Конечно, заговоры существовали, но в несовершенных руках человеческих они обычно превращались в свою противоположность и в любом случае настолько видоизменялись, что уже развивались по сценарию, далекому от первоначального замысла. Разговоры о масонах, наследниках тамплиеров [24] , вершивших миром из своих тайных штаб-квартир, вызывали у меня только смех, и никто не мог убедить меня, что революция под водительством Учителя была заговором мирового еврейства или происками германского генштаба. Ведь и Троцкого, и многих других евреев эта революция и проглотила, превратившись в большой каток, мощно проехавший по нации, особенно в нашей респектабельной организации, где они первоначально грозно доминировали. Ну, а генштаб рухнул вместе с кайзером уже в 1918 году под натиском германской революции (тут тоже пригодились денежки кайзера). Так я размышлял, поднимаясь на некоторых станциях и вновь опускаясь вниз и переезжая на другие, радуясь скульптурам, бюстам и витражам, продвигаясь к тем местам, которые уже я проходил. Вышел снова на станции Поэта-Самоубийцы, тянуло, словно сам себе готовил такое будущее. Близ метро толпилась ликующая молодежь (и в мои времена там назначали свиданки с гуриями), аристократы с хатой предварительно шагали в ныне разрушенный пивной бар на площади Нашего Всего, которого ухай-дакали на дуэли. От площади я двинулся старыми переулками, которые оказались на удивление неплохо отреставрированными (все-таки кроме скромного обаяния, у буржуазии имеется и здравый смысл, и стиль жизни). Приют патриархов (рядом с прудами торчал распухший от обжорства дедушка-баснописец вместе с умиляющими зверушками из его шедевров) почти не изменился, и это тоже радовало. Сугубо партийная гостиница на пути к Булеварду приобрела экзотическое название “Марко Поло”, скромный театр имени Нашего Всего, уже на Булеварде желтел, как больной гепатитом.

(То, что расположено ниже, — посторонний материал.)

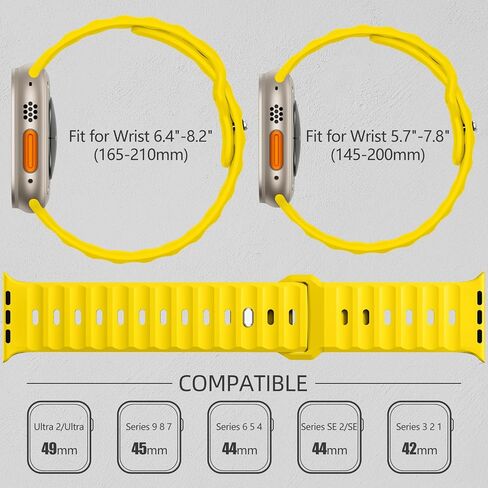 أحزمة Wepro الرياضية متوافقة مع Apple Watch Ultra 2/Ultra Band، متوافقة مع أحزمة ساعة Apple للرجال 49 مم 46 مم 45 مم 44 مم 42 مم، حزام سيليكون متين لسلسلة iWatch 10 9 8 7 6 5 4 SE 3 2 1 in Kuwait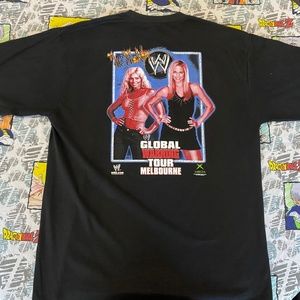 Vintage WWE WWF Global Warning Tour Shirt 2002 -Hogan,HHH, Stacy Keibler Size XL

Переход “зебра”, на котором еще не успели окочуриться все наивные бабушки, поверившие в приверженность водителей ПДД. Черная ограда, окружающая Булевард, и тут же новый памятник другому поэту-самоубийце, наложившему на себя руки через повешение в фешенебельной питерской гостинице. Славно вытертые скамейки, на которых летом сиживали бабушки и играли в шахматы пенсионеры-умники, детская площадка с выводком энергичных огольцов, лакирующих задами горку.
Я плюхнулся на край скамейки и прикрыл уставшие очи. Краем глаза я увидел, как на меня надвигается растекающиеся облако, оно приземлилось на другом краешке скамейки и шумно вздохнуло. Я сделал вид, что наслаждаюсь зеленью деревьев и увидел объемистую задрыгу невнятного возраста и кислой наружности, буравящую меня зрачками с явной целью завести разговор.